Con tan poca luz, apenas me veo en el es­pejo del baño de la tanguería. El platinado de la tintura confunde las canas. Contro­lo mi vestido de brocato (*) y recuerdo el día lejano en que fui al Centro con la mo­dista, a comprar la tela. En el local nos ofre­cieron asiento para poder elegir cómodas. El vendedor (después, para mí, el Pardo) tomó el cilindro de brocato con la izquierda y con dos dedos de la derecha sostuvo el borde la tela. Mirándome fijo a los ojos, pegó un tirón y la tela se aglobó como la vela de un barco soplada por la brisa. Yo dije que sí.

“Tá lindo el vestido” comenta la cuidadora del baño. Nos conocernos desde cuando el Pardo me trajo a esta milonga por primera vez. Cuando bailábamos, él apoyaba su patilla áspera contra mi sien. Yo no movía la cabeza porque en ese pedacito de piel se juntaban el cielo y el infierno. Era una agonía feliz. Todos creían que había mucho más que su mano demorada unos segundos sobre mi espalda después de que la música había terminado, pero era sólo eso. Apenas eso y me bastaba.
Ningún otro me sacó a bailar. Nunca. Yo era del Pardo, sólo para él. Las otras mujeres lo pretendían. Y los hombres … los hombres les hablaban de mí. Ninguna, les decían, podía ser como yo. Me llamaban la elegida.

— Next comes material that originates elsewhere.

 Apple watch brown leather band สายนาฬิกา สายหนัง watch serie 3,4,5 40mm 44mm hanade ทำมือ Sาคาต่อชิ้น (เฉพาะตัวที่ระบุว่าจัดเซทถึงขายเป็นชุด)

Eran pocas las noches en que el Pardo me cabeceaba. Yo sonreía. Él venía hacia mí. Yo descruzaba las manos crispadas sobre mi falda, me ponía de pie, nos abrazábamos en el primer compás. Diez minutos de tango, doce, que me ayudaban a se­guir viva hasta que él, alguna otra vez, volviera a elegirme. Seguí ocupando la misma mesa, noche tras noche.
Una madrugada la cuidadora del baño -ha­ce mucho- me dijo: “No viene más. Se fue a ‘Nortamérica’ con la señora que’stá enferma”. No le creí. Así, sin despedirse, sin decir nada... el Pardo no.
Desde entonces, los otros pasan frente a mi mesa, me saludan. Algunos son jóvenes, no los he visto nunca. Se acercan pa­ra hablarme. Si desde lejos cabecean porque quieren bailar conmigo, miro para otro lado: yo soy del Pardo.
Hasta esta noche.
Lo veo entrar y lo reconozco.
Es él, con el pelo blanco, pero es él. A pesar de los años que han pasado, vino por mí. No me podía fallar el Pardo.
Nuestras miradas se buscan y se encuentran y quedan soldadas como los eslabones de una cadena.
Cabecea.
Sonrío.
Avanza.
Está frente a mí. Su sombra cae sobre mis zapatos.
Me incorporo, nos abrazamos. Su perfume, su mano sobre mi espalda, su patilla contra mi sien. Mi corazón y el de él se atropellan.
Tiemblo.
El cielo y el infierno durante unos pocos minutos.
Como lo fue siempre.
Como será para siempre.

(*) Brocato: tela en boga en los años cincuenta utilizada para vestidos de fiesta.